In a bid to compete for market share, Australia’s majors, second tiers and non-bank lenders continue to slash the interest on their respective fixed rate products.

St George slashed up to 55 basis points off its suite of fixed rate products.

Effective from today, the major now boasts a one and two year fixed rate of just 6.59 per cent, as well as a three and four year rate of just 6.99 per cent and 7.04 per cent.


The bank’s chief executive officer Rob Chapman said the 0.55 per cent rate reduction represented a “very competitive offer for customers”.

“We’re seeing continued customer interest in our fixed home loan options, which offer customers certainty about their home loan repayments for a fixed period.”

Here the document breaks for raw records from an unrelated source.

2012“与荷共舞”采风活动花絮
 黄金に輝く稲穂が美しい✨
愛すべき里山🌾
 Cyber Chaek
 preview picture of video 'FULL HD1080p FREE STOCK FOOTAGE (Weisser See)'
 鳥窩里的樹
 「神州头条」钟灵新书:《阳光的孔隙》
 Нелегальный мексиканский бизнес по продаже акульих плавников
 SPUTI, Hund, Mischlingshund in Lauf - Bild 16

But St George wasn’t the only lender to slash rates.

Citibank cut 34 basis points from its three year fixed rate, taking it to just 6.45 per cent.

The second tier lender has slashed more than 75 basis points from its fixed rates in the last month alone.

The lender’s head of mortgages Vibha Coburn said the bank’s fixed rates were now cheaper than the variable rates, providing customers more certainty in the current turbulent economic environment.

“Our competitive rates are more than 55 basis points lower than the variable rates currently offered by Citibank. Customers with the view that variable rates could reduce even further in the short-term may still be better off locking in a lower fixed rate now,” she said.

Non-bank lenders Future Financial and Iden also cut the interest on their respective fixed rate products.

Future Financial trimmed its three year fixed rate to 6.59 per cent, while Iden now offers a three year fixed rate of 6.54 per cent.